Problem — Would you output the listing exactly, with every image omitted?

Data —
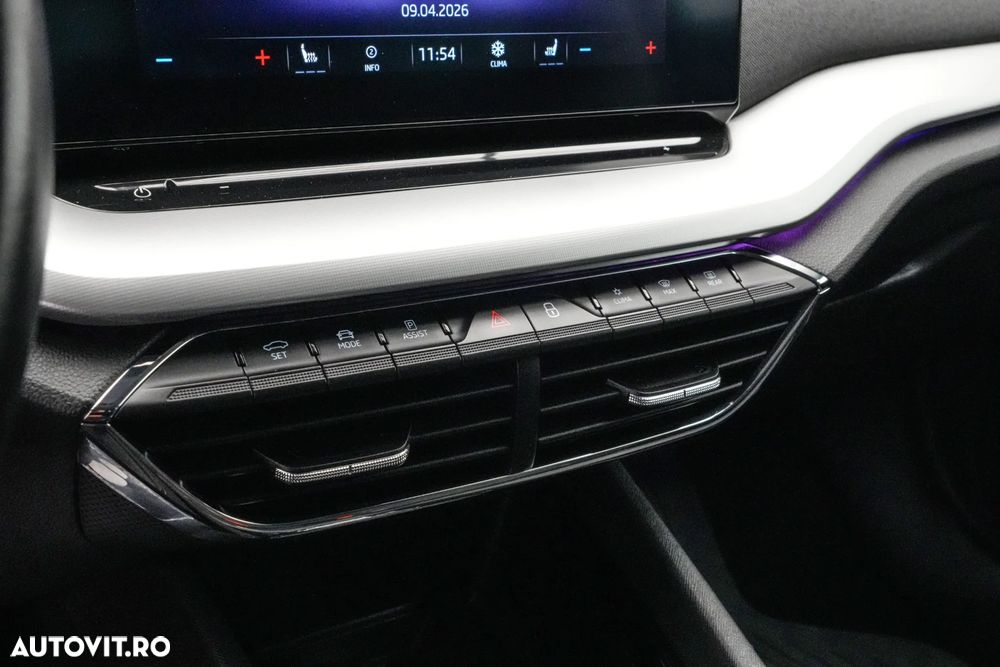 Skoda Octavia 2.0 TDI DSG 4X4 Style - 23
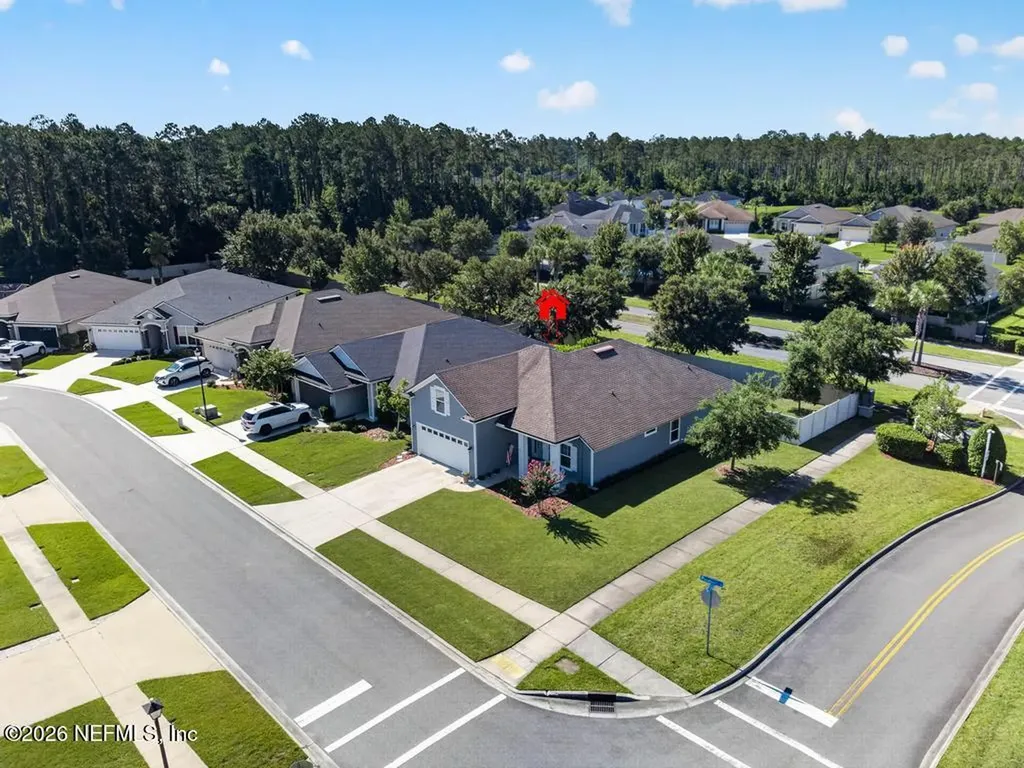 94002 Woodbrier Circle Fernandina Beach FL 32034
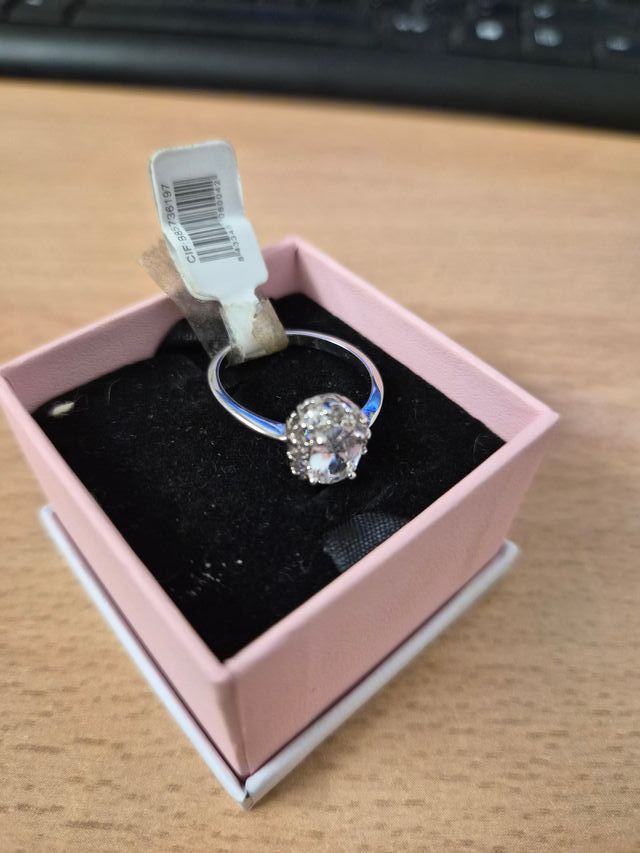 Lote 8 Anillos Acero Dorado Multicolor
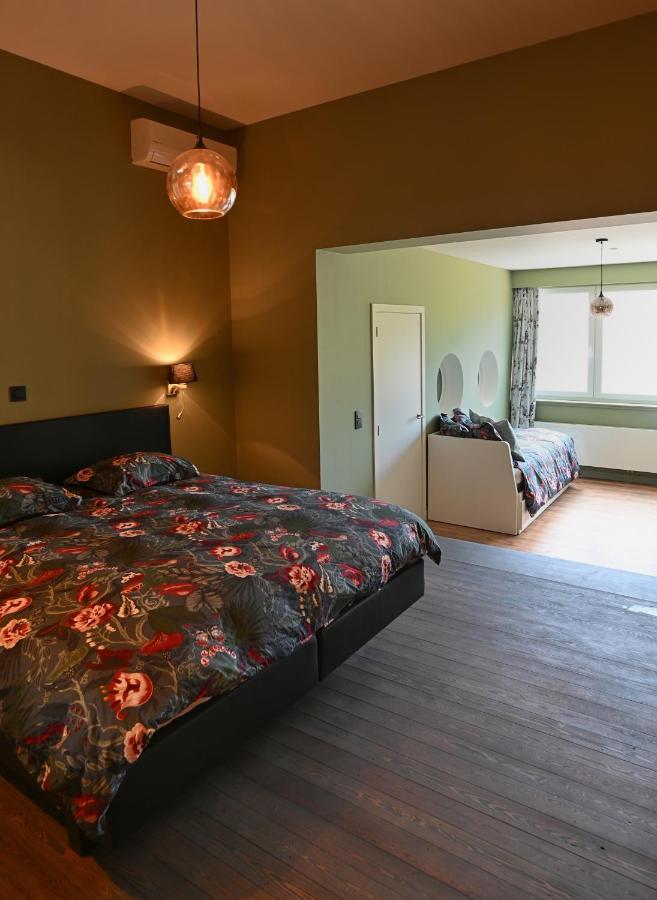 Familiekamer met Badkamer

Answer space —
 Skoda Octavia 2.0 TDI DSG 4X4 Style - 23
 94002 Woodbrier Circle Fernandina Beach FL 32034
 Lote 8 Anillos Acero Dorado Multicolor
 Familiekamer met Badkamer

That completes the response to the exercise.